2(a? +b? +c? +4)-2(ab+3b+2c)=a? +b? +a? +b? +2c? +8-2ab-6b-4c

=a? -2ab+b? +a? -2a+ 1+2a-2b+(b? -4b+4)+2(c? -2c+ 1)+ 1

=(a-b)? +(a- 1)? +2(a-b)+(b-2)? +2(c- 1)? + 1

=(a-b+ 1)? +(a- 1)? +(b-2)? +2(c- 1)? ≤0

Therefore, a-b+1= a-1= b-2 = c-1= 0; Solution: a =1; b = 2; C= 1, then 200a+900b+8c=2008.

2 Solution: The point that meets the requirements is fermat point; Equation x again? The solution of-1 1x+30=0 is x1= 5; x2 = 6;

The length of three sides of isosceles △ABC is 5, 5 and 6 respectively; Or 5, 6, 6; Or 5, 5, 5; Or bhc.

(1) When the three sides of △ ABC are 5, 5 and 6 respectively, the sum of the distances from point P to vertices A, B and C is at least 4+3 √ 3;

(2) When the three sides of △ ABC are 5, 6 and 6 respectively, the sum of the distances from point P to vertices A, B and C is at least √199/2+5 √ 3/2;

(3) When the three sides of △ ABC are 5, 5 and 6 respectively, the sum of the distances from point P to the three vertices of A, B and C is at least 5 √ 3;

(4) When the three sides of △ ABC are 6, 6 and 6 respectively, the sum of the distances from point P to three vertices A, B and C is at least 6√3.

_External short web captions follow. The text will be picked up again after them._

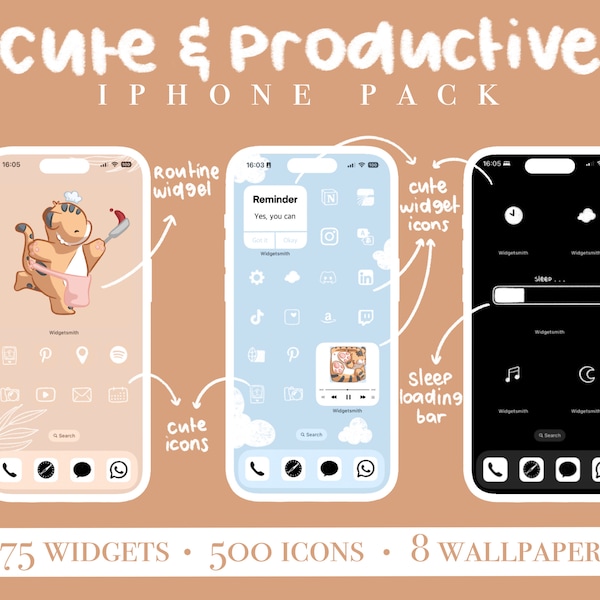 ULTIMATE Complete Cute Tiger iPhone Set Up Pack - 175+ widgets - 500+ icons - 8 wallpapers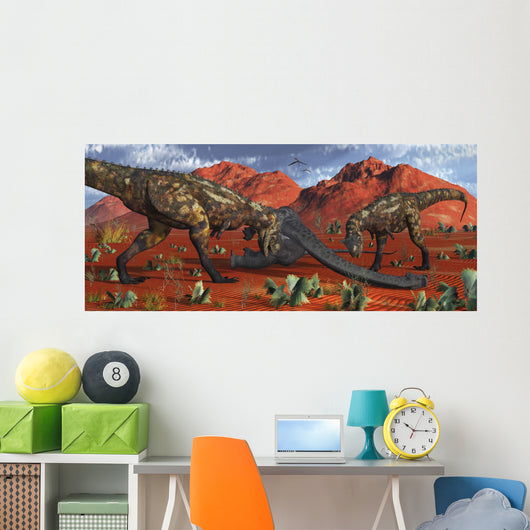 Pair Carnotaurus Dinosaurs Ready Wall Decal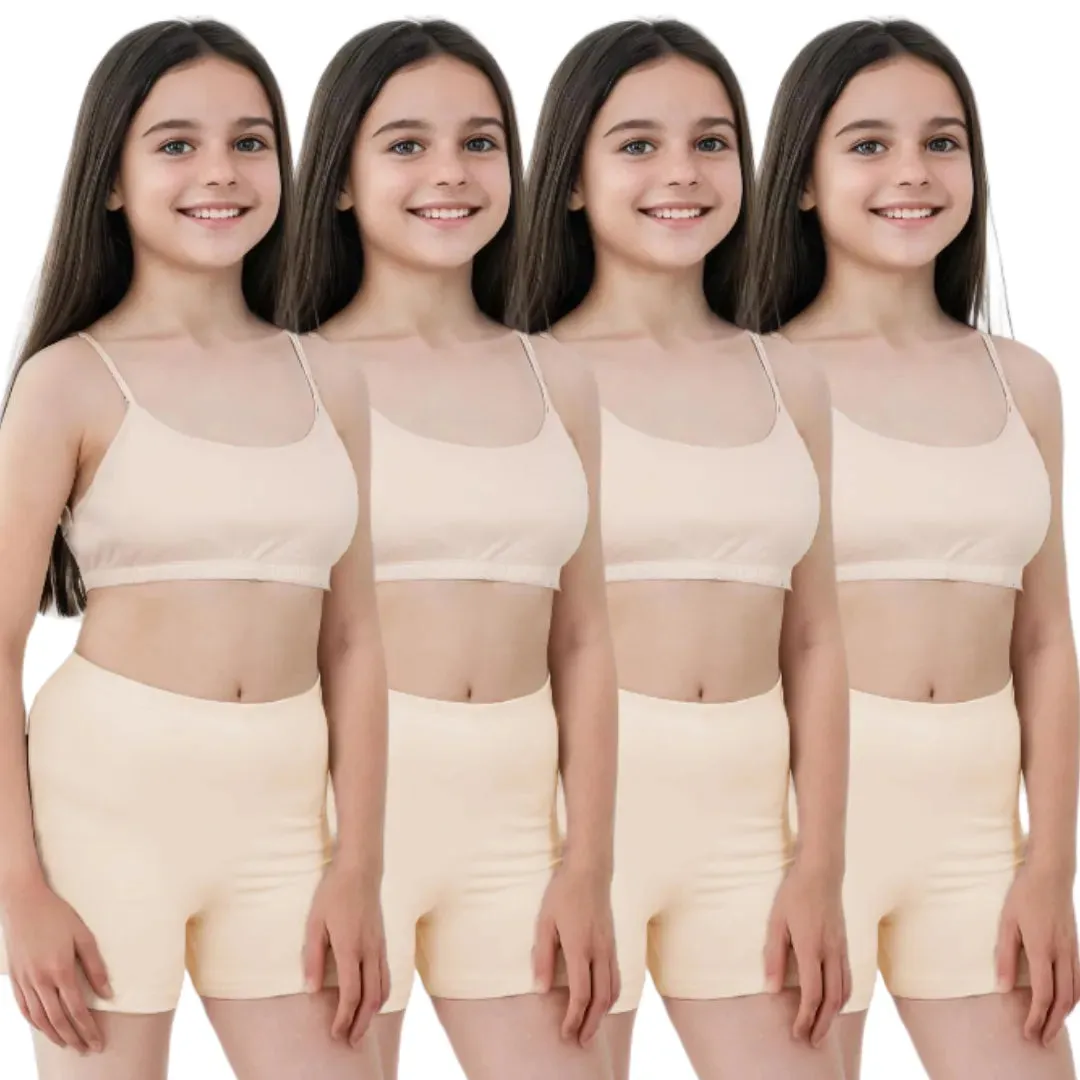 Teen Shorties | Thigh Length | High Waist | Full Coverage | Chafe Free | 4 Pack
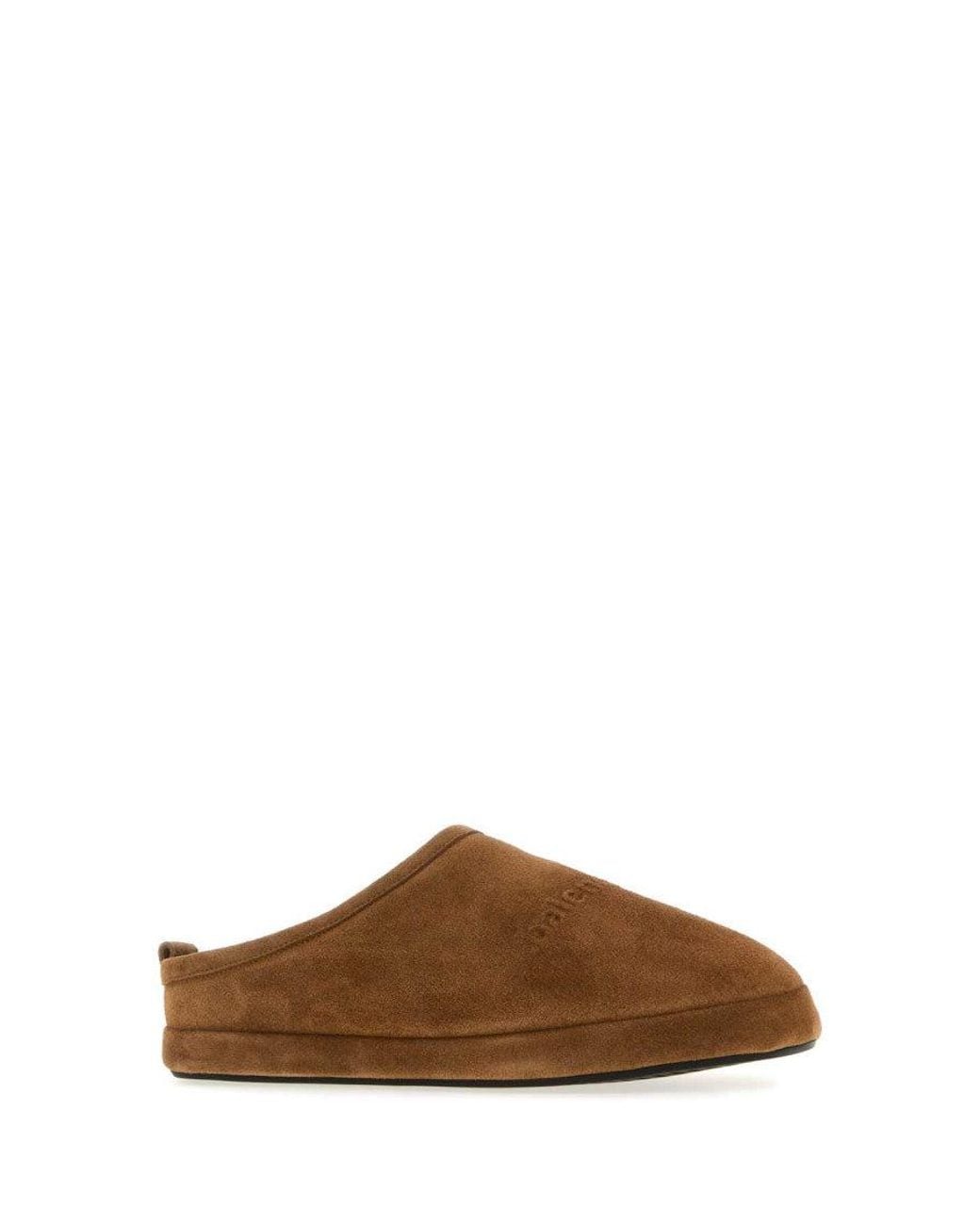 Balenciaga Brown Caramel Suede Alaska Slippers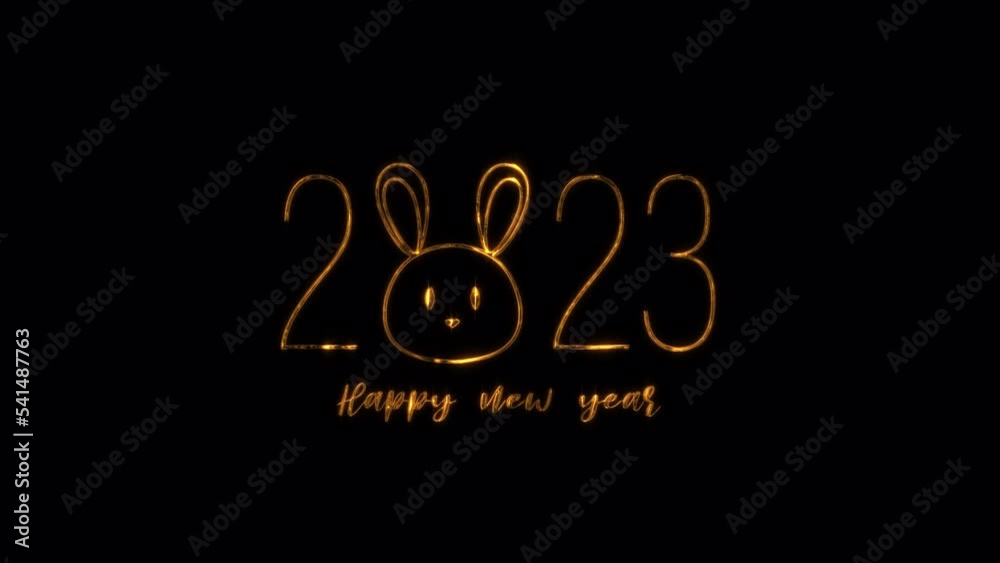 Abstract gold glittering text animation 2023 Happy New Year with rabbit face on black background . Isolated transparent video animation text with alpha channel using Quicktime Apply prores 444 Abstract gold glittering text animation 2023 Happy New Year with rabbit face on black background . Isolated transparent video animation text with alpha channel using Quicktime Apply prores 444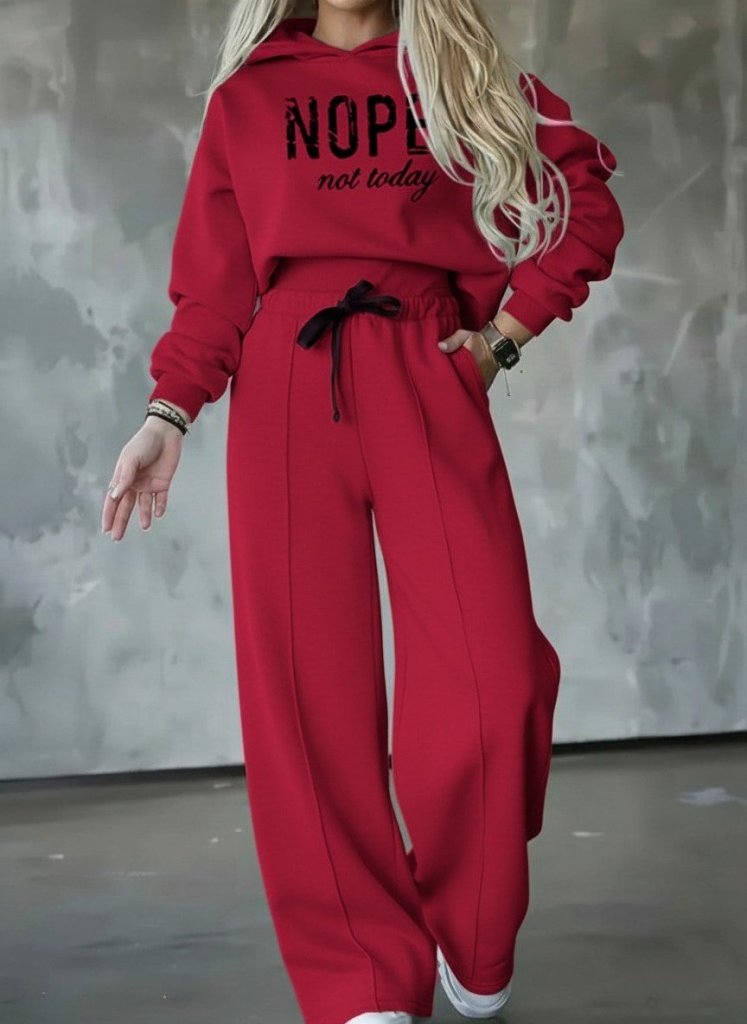 Kadın Uzun Kollu Nope Baskılı Beli Ribanalı Ikili Takım - Görsel 25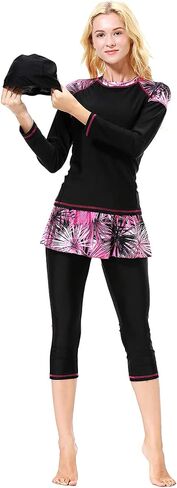 Women Burkini Swimsuits Modest Muslim Swimwear Islamic Long Sleeve Full Cover Hijab Top Skirted Swim Capris ​Pants Set in Saudi Arabia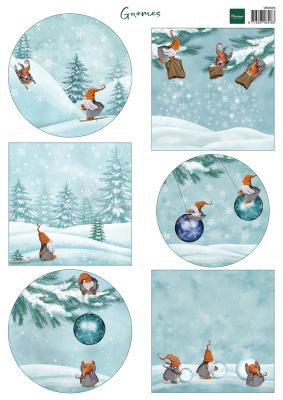 VK9595 Arkusz A4 -Marianne Design - gnomes - zimowe skrzaty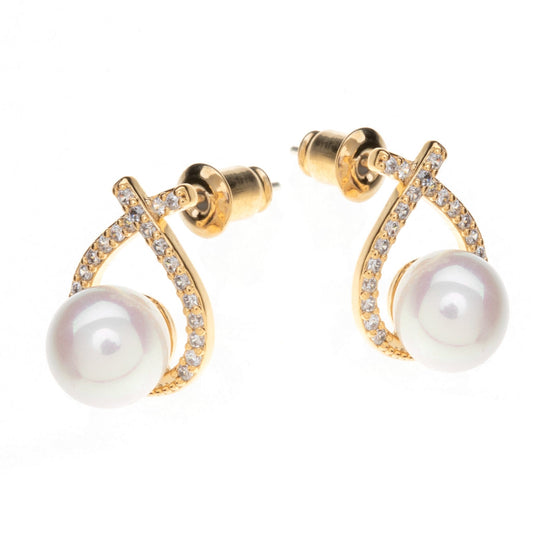 Bridal pearl stud earrings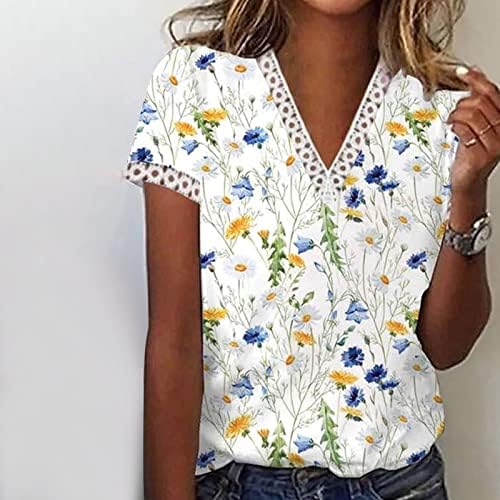 Womenените печати маици со маички со чипка спандекс кошули со кратки ракави обични пердуви есен летни маици облека G6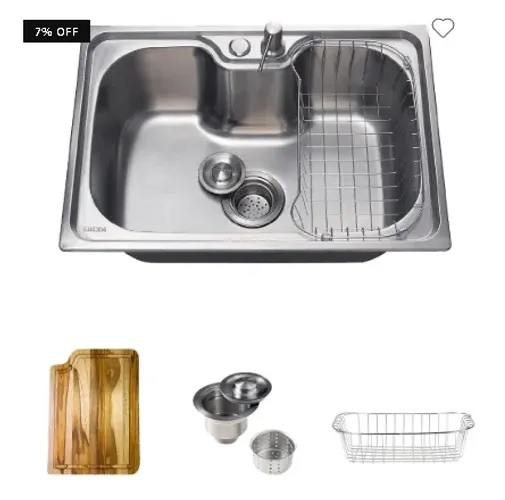 Kit Cuba para Cozinha Gourmet Pia Aço Inox 304 com Acessórios e Tábua de Corte Borari Prat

3 solution: m = 5/(a+2b); n = 7/(a-2b); Y=5/(2m)-x/2=x/2-7/(2n) Solution: x = a;; y=b

That is, the intersection point is (a, b), Mn = 35/(a? -4b? )

4 solution: 2x 4+x 3-ax? +bx+a+b- 1=2x? (x? +x-6)-x(x? +x-6)+( 13-a)x? +(b-6)x+a+b- 1

x? +x-6 is 2x 4+x 3-ax? +bx+a+b- 1, then x? +x-6 is also (13-a)x? The factor of +(b-6)x+a+b- 1

Then13-a = b-6 = (a+b-1)/(-6); Solution: a =16; b=3

5 solution: ax? +bx+c=[√ax+b/(2√a)]? +c-b? /(4a) is a completely flat path (A, B and C are constants),

What about c-b? /(4a)=0, that is, b? -4ac=0

6 solution: let x 1, x2 equation x? +MX+n = 0; Is X3 and x4 the equation y? +ny+m=0。

Then: x 1+x2 =-m, x1x2 = n; Then (x 1-x2)? =(x 1+x2)? -4x 1x2=m? -4n;

x3+x4=-n,x3x 4 = m; Then (x3-x4)? =(x3+x4)? -4x3x4=n? -4m;

By equation x? What are the two differences between +mx+n=0 and equation Y? The two differences of +ny+m=0 are equal.

Know: (x 1-x2)? =(x3-x4)? =m? -4n=n? -4m finishing: (m+n)(m-n)=-4(m-n)

And m and n are unequal real numbers, then m-n ≠ 0; So m+n=-4.

7 solution: ∵ x-2a > 0; And 6-3x ≥ 0; ∴2a<; X≤2, X has four integer solutions;

Then the four solutions are 2, 1, 0,-1; Then -2 ≤ 2a

Answer: d

note:

Fermat point's judgment

(1) For any triangle △ABC, if there is a little E in or on the triangle, if EA+EB+EC has the minimum value, then E is fermat point. Fermat point's calculation

(2) If the interior angle of a triangle is greater than or equal to 120, the vertex of this interior angle is the fermat point; If all three internal angles are less than 120, then three points with an opening angle of 120 inside the triangle are the fermat point of the triangle.